Marfa, TX: Big Art in a Small Town

Last week was our glorious, long-awaited Spring Break! I hadn’t been on a plane since January of 2020. I’ve traveled plenty in that time, but always via oversized, smelly, SUV. As much as I love a road trip, even I wasn’t willing to drive the one million hours to western Texas, where we randomly decided to vacation with our dear friends. We started out in El Paso, hit Guadalupe Mountain National Park (because if not now, when, really?), then moved south to Big Bend National Park. It is a desolate, desert drive, friends, except for one bizarre oasis of art three hours out of El Paso: Marfa, Texas.

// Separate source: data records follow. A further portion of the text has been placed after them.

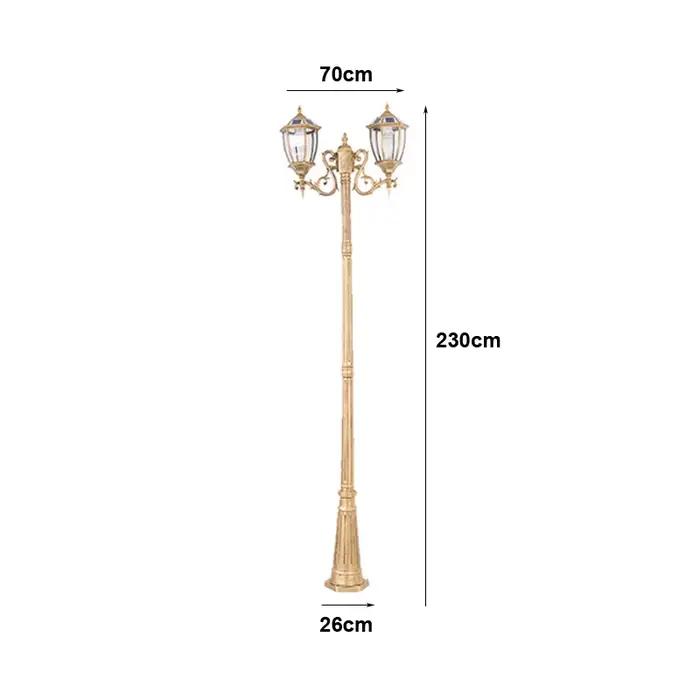 Lampe solaire LED à haut mât de style européen pour jardin, éclairage extérieur de rue et paysage, s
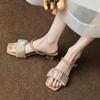 Outside Heeled Sandals Easy Wears 2025 Trend Shoes for Women Top Designs Vip 39 Slides On Promotion Summer Woman Slippers Sale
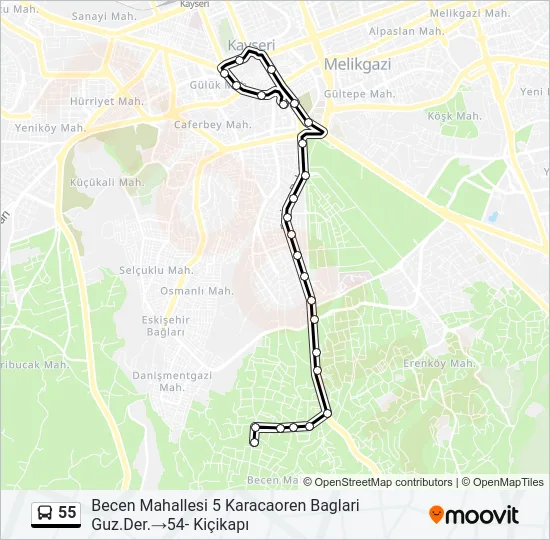 55 Bus Line Map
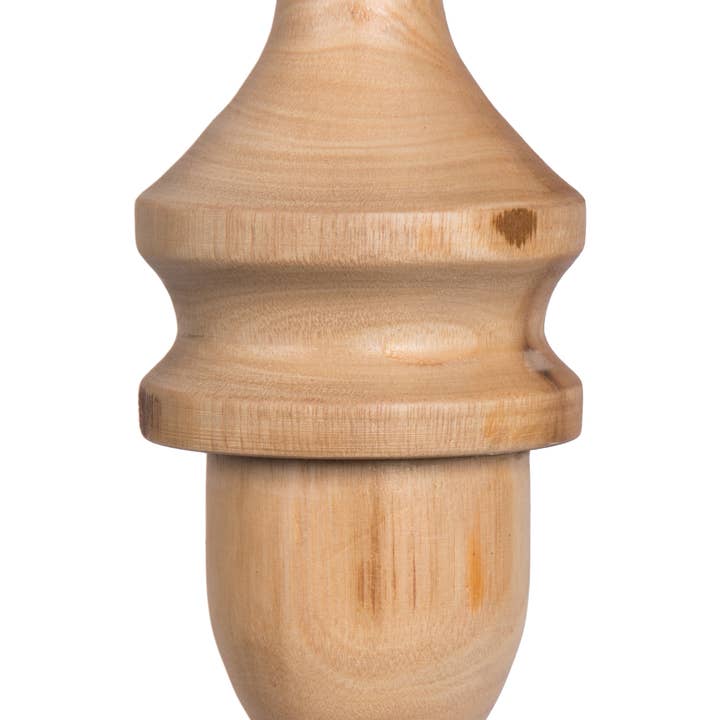 Light Natural Vickerman 12" Lt Nat Turned Wood Finial Ornt 2/Bag for wholesale on Faire2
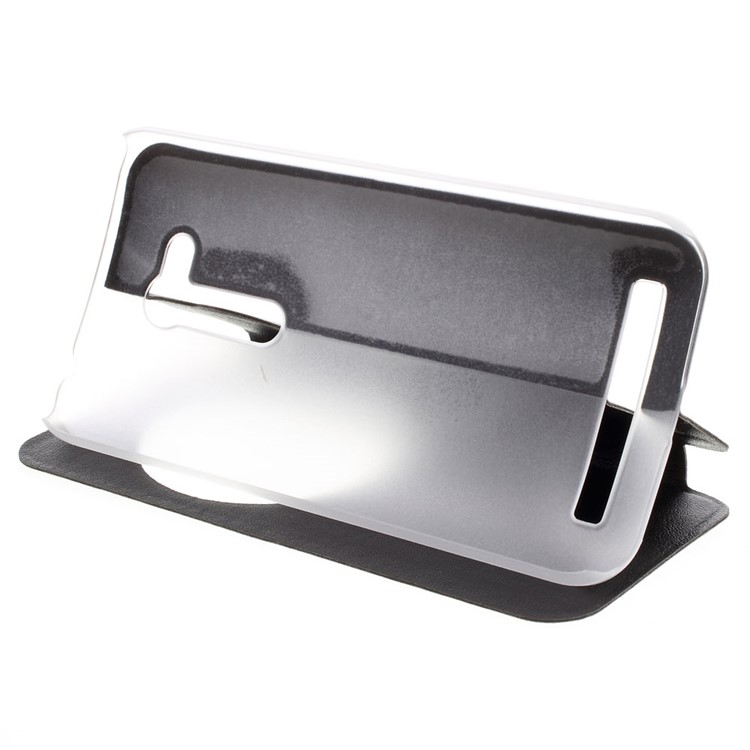 Hollow View Window Leather Stand Case for Asus Zenfone Go ZB452KG - Black-6
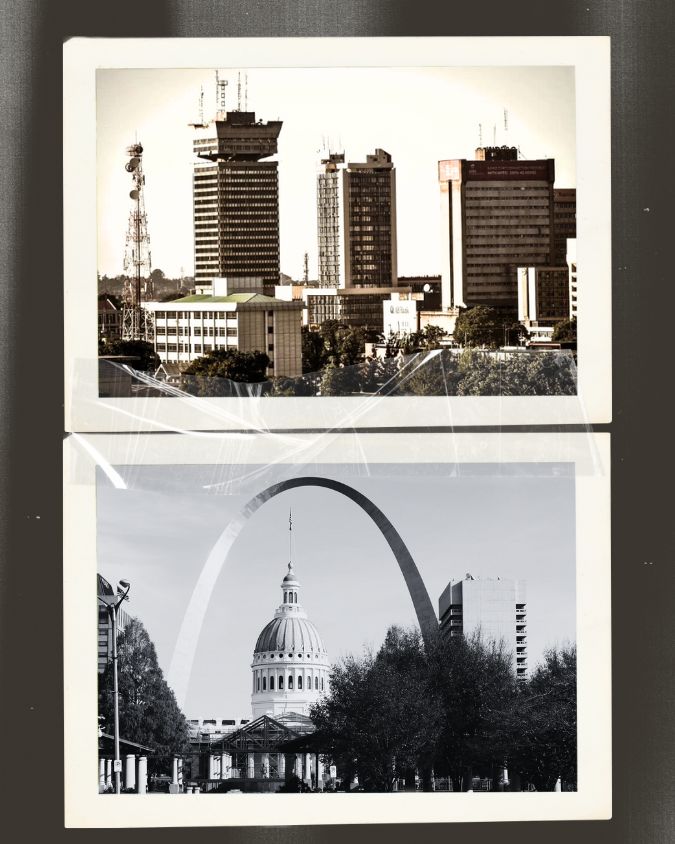 Collage picture, top picture, cityscape of Lusaka Zambia, bottom picture a city scape of St Louis Missouri capturing the old court house and the arch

A friend who used to live in El Paso told me about Marfa ahead of time, thank goodness. Otherwise we would have written it off as a half-town and drove directly past. But she sent me an article that claimed it was “an unlikely must-go-once-in-your-life-at-least for the cultural elite.” And you know me- nothing if not culturally elite.


Jim is resigned to my road trip whims, and our friends were willing to humor me, so we stopped. Here are a few things about Marfa:

  1. They are pretty liberal with the city limits. We saw our first piece of Marfa art about thirty miles before entering the town, and then nothing but dust devils and tumbleweeds until the town “really” begins half an hour later. The art is an installation piece that is hilarious, because you haven’t seen anything not brown for three hours and then this:
Erin is classy enough to actually shop at Prada. Me? Not so much.

It is a tiny, unemployed, eternally locked Prada store. It houses some pieces from Prada’s 2005 collection, and is the headlining act in the show that is Marfa. Around the outside, people have begun adding locks to the fence, which I always love. Romantic! There were two other tourists there taking selfies in front of the store, but like us, nobody knew to bring a lock to secure our love with our significant others. Maybe next time.

2. Most things are closed on Mondays. Nothing more on that, but you should know. I made everybody stop again on Wednesday, on our way back from Big Bend. They were all really happy with me.

3. Your best food option, in our experience, is “The Water Stop.” The food was delicious, it had a very “Big Sur” vibe with things like this ancient Coke machine, and you will have plenty of time to chat while you wait for your food. Plenty.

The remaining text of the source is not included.